Türk futbolunda son aylarda patlak veren bahis skandalı, sadece sahadaki mücadeleleri değil, yöneticileri ve hakem camiasını da derinden sarstı. 17 hakem, bir Süper Lig kulübü başkanı, bir eski futbol takımı sahibi ve eski dernek başkanı, "görevi kötüye kullanma" ve "müsabaka sonucunu etkileme" suçlamalarıyla gözaltına alındı.

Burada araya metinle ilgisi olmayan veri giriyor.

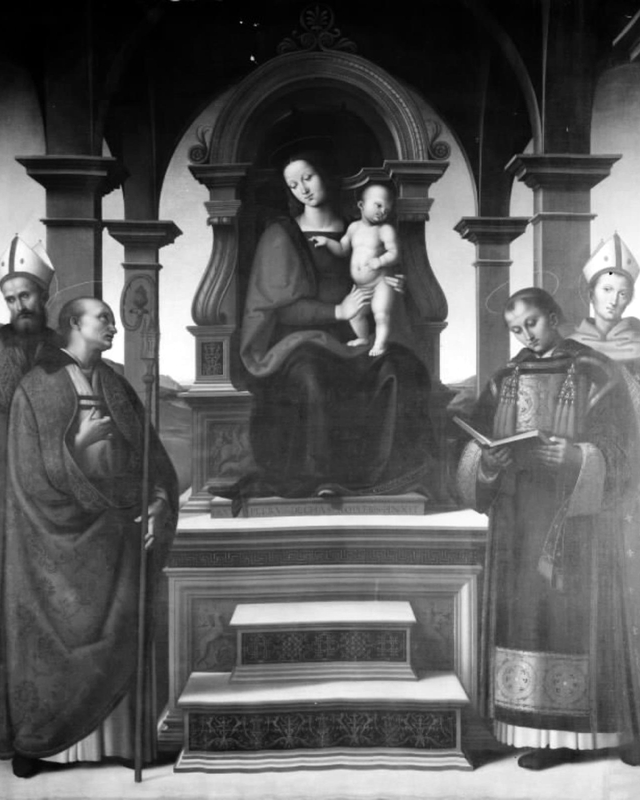 Madonna med barnet omgivet af fire helgener by Albert Küchler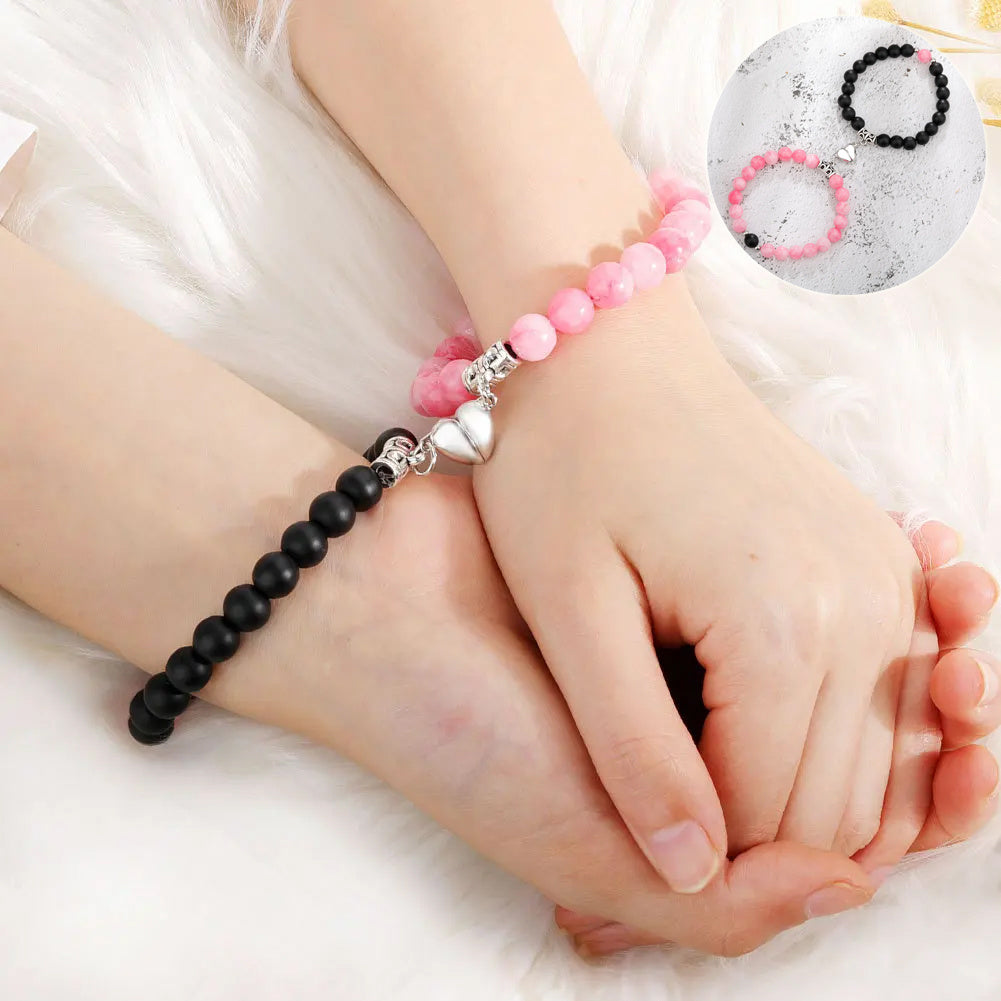 Flag Village One Pair Magnetic Couple Bracelet For Women Lover Heart Distance Paired Pendant Natural Stone Bracelets Valentine's Day Gifts Men Jewelry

NTV’nin haberine göre, TFF’nin iç soruşturması kapsamında bahis oynadıklarını itiraf eden 45 klasman temsilcisi istifa etti. Bu temsilciler, hafta sonu maçlarının görev listelerinden çıkarıldı ve yerine yeni isimler atandı.
TFF Başkanı İbrahim Hacıosmanoğlu, hakem camiasını sarsan açıklamalarıyla İstanbul Cumhuriyet Başsavcılığı’nın ihbarını tetikledi. Başsavcılık, soruşturmanın derinleştiğini ve yeni iddiaların da bu çerçevede ele alınacağını belirtti.
İstanbul Cumhuriyet Başsavcılığı, 2025 Nisan ayında futbol müsabakalarında görev yapan bir grup hakemin bahis oynadığı iddiasıyla yeni bir soruşturma başlattığını duyurdu. Ayrıca, Antalya Cumhuriyet Başsavcılığı’na yönlendirilen bir başka dosya, yetkisizlik kararıyla İstanbul Başsavcılığı’na aktarılmış ve iki dosya tek bir dosyada birleştirilerek inceleniyor.
Başsavcılık, “bahis hesabı bulunan hakemler” açıklamasını ihbar niteliğinde kabul etti ve şu suçlamaları gündeme getirdi: 6222 sayılı Sporda Şiddet ve Düzensizliğin Önlenmesine Dair Kanun’a muhalefet, 7405 sayılı Spor Kulüpleri ve Spor Federasyonları Kanunu’na muhalefet, 7258 sayılı Futbol ve Diğer Spor Müsabakalarında Bahis ve Şans Oyunları Düzenlenmesi Hakkında Kanun’a muhalefet ve diğer olası suçlar.
Başsavcılık, MASAK raporları, HTS kayıtları, yurt içi ve yurt dışı bahis sitelerinin abonelik kayıtları, tanık beyanları ve diğer belgeleri temin ettiğini açıkladı. Analizlerin en az beş yıllık geriye dönük binlerce kişi ve kurumun verisini kapsaması, yoğun bir çalışma ve zaman gerektirdiğini vurguladı.
İlgili makamlar, elde edilen bulgular ışığında gerçek şüphelilerin tespit edilmesi ve adli süreçlerin başlatılması için gerekli adımları atacaklarını belirtti. Bu gelişmeler, Türk futbolunun itibarını yeniden inşa etme çabalarının ne kadar kritik olduğunu bir kez daha gözler önüne serdi.